### Problem
Which lines in the entries below contain the string "Vintage"? Show each of them in full.

### Dataset excerpts
++++++++++

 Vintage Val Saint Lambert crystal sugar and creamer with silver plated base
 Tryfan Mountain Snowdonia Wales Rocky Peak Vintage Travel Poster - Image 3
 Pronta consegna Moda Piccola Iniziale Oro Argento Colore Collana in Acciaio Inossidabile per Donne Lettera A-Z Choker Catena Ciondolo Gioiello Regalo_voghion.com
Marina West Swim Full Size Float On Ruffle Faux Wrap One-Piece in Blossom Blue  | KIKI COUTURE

++++++++++

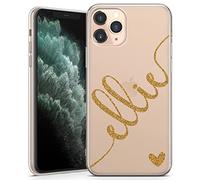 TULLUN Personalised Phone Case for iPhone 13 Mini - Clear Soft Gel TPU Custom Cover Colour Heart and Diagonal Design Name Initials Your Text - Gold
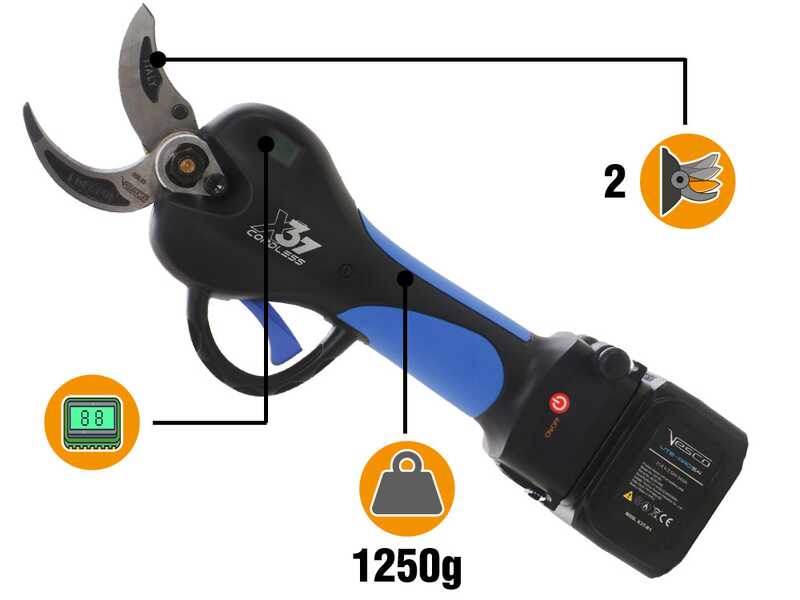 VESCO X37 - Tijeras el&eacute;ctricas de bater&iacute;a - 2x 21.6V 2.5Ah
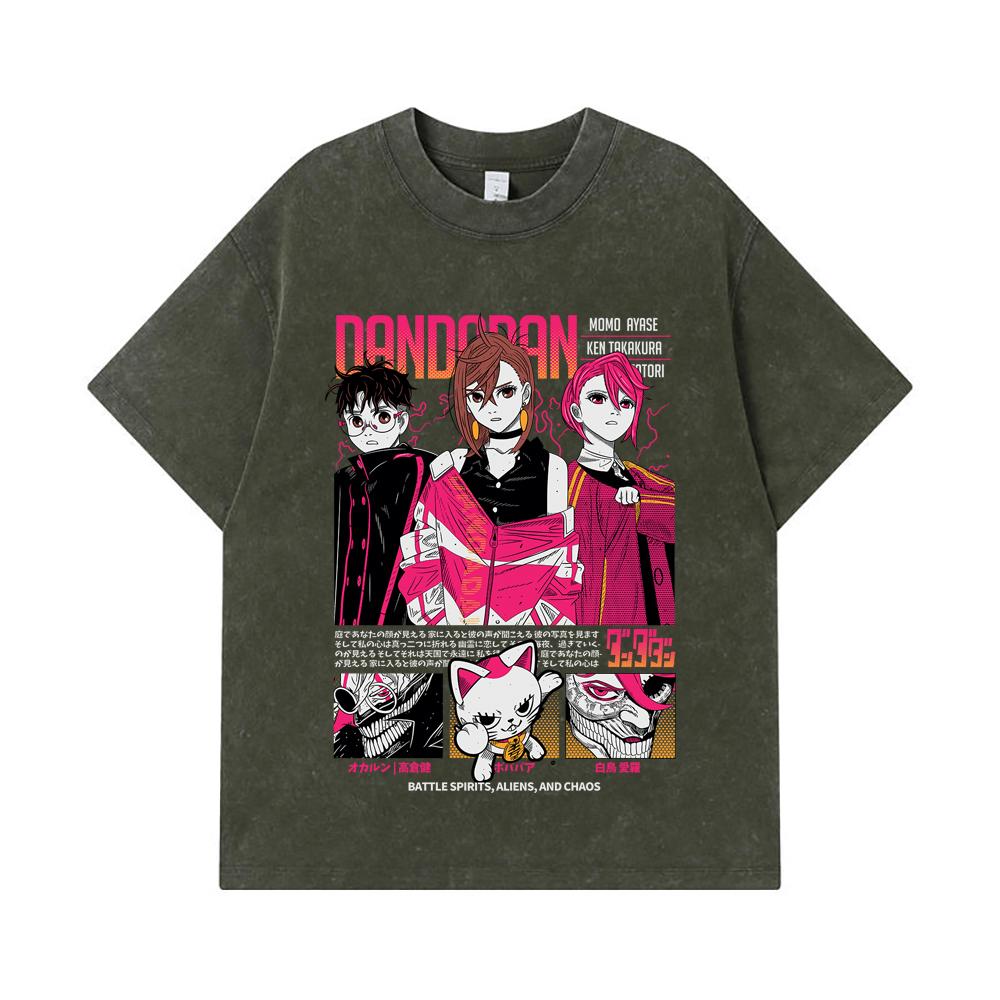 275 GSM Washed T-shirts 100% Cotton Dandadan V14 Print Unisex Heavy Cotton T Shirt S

++++++++++

### Reply
 Vintage Val Saint Lambert crystal sugar and creamer with silver plated base
 Tryfan Mountain Snowdonia Wales Rocky Peak Vintage Travel Poster - Image 3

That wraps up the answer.